The word progressive is supposed to mean that if you had jets in your nitrous system that could potentially produce 300 HP, you could set the controller to pulse for a period of time, limiting the HP and then ramping back up to full flow HP in the time span you dictate. This description is not entirely accurate, however. It’s kind of misleading to think that your HP is cut in half, for instance. Nothing has really changed as far as the potential HP level is concerned, which is dictated by your jets and pressures. What is really happening is that the solenoid is opening and closing enough times per second to limit the amount of time that the maximum flow rate is available to the jets. We call this opening and closing “pulsing.” Think of it this way. If you are in front of a spinning revolving door is it open or closed to you? Obviously only part of you can get through unless you are super human quick, so it is closed for a moment. Open it a little slower and you can sneak by if you are quick enough. The same principle is how nitrous controllers operate. A nitrous controller slows down the maximum flow rate by turning the flow on and off in short bursts over a period of time.


A nitrous controller is desired to soften the incredible torque spike that occurs with each stage of nitrous activation. You may have an engine with more torque than the car or track can handle or you have a tire limited class car (or both) with no wheelie bars and it
has a tendency to spin the tires. If you use a controller and reduce the amount of nitrous available to the engine just long enough to get the car moving forward then ramp in the full charge you will improve your ET, guaranteed.

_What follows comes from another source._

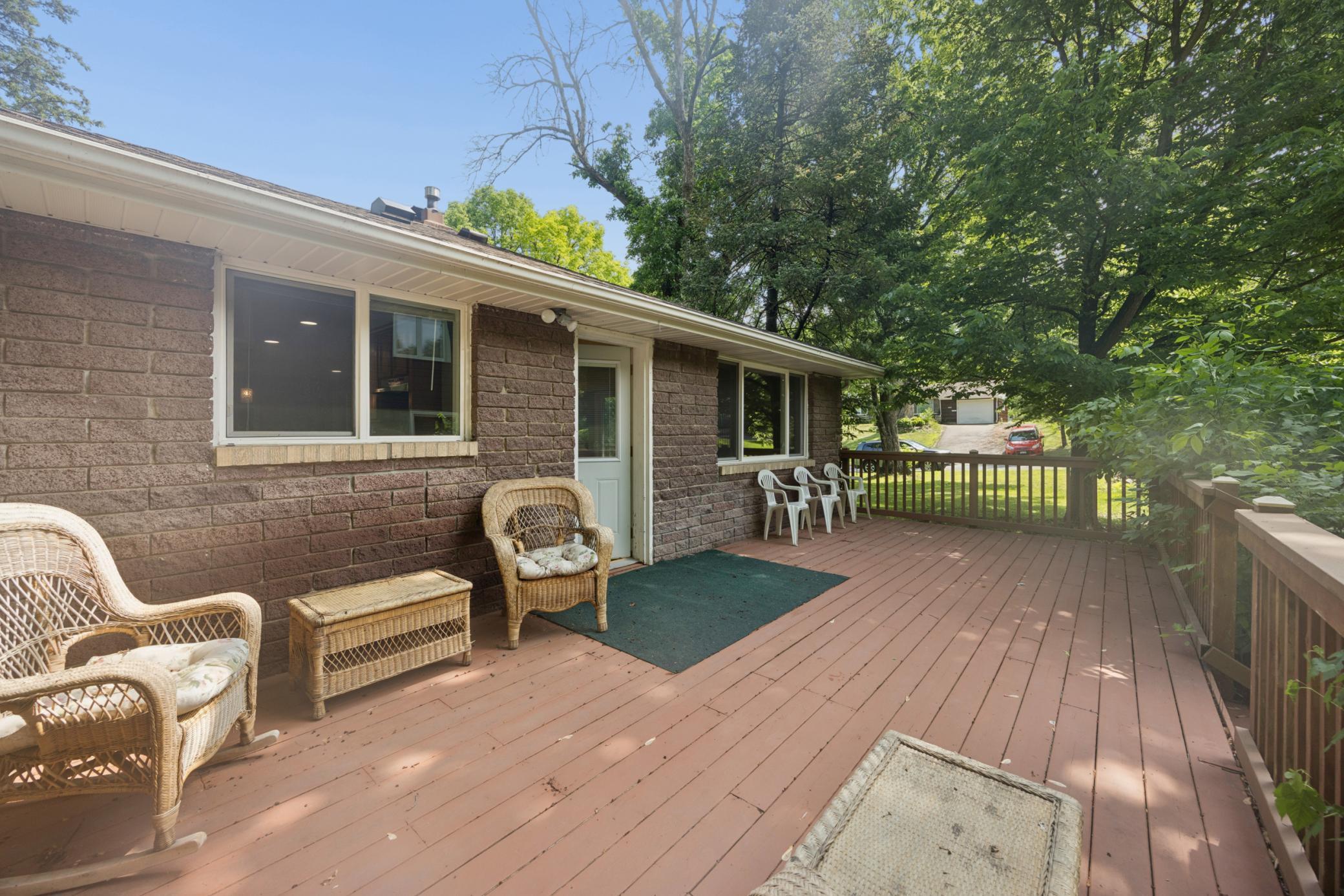 Large side deck great for grilling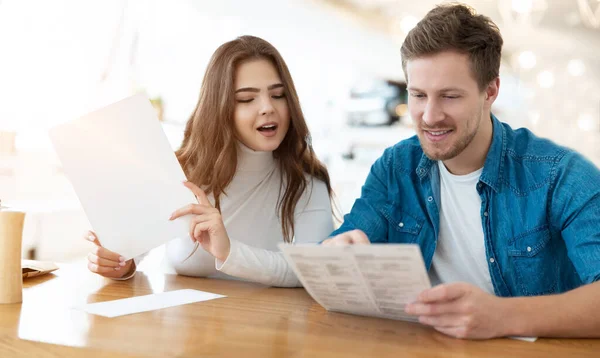 Joven Pareja Hermosa Mujer Guapo Hombre Celebración Menú Elegir Qué — Foto de Stock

Some folks try to do the power reduction with ignition retards (reducing total timing) combined with delaying the nitrous activation but this can bite you by producing bumper dragging wheel stands. While this works in some cases it is hard to take enough timing out and not have the pinion try to climb the ring gear and wheel stand the car. When you pull the timing back too far from the engine's ideal point and the nitrous is not activated, the engine really runs sour. While this wheelstand may get your car featured in DRO, you won’t win the race.

If you use the nitrous controller instead of ignition to accomplish this you can leave the timing where it needs to be with the nitrous on and avoid extreme wheel stands and losing. Usually it only requires 2-5 tenths of nitrous progressive duration to make the chassis work as it was intended and stick the car to the track.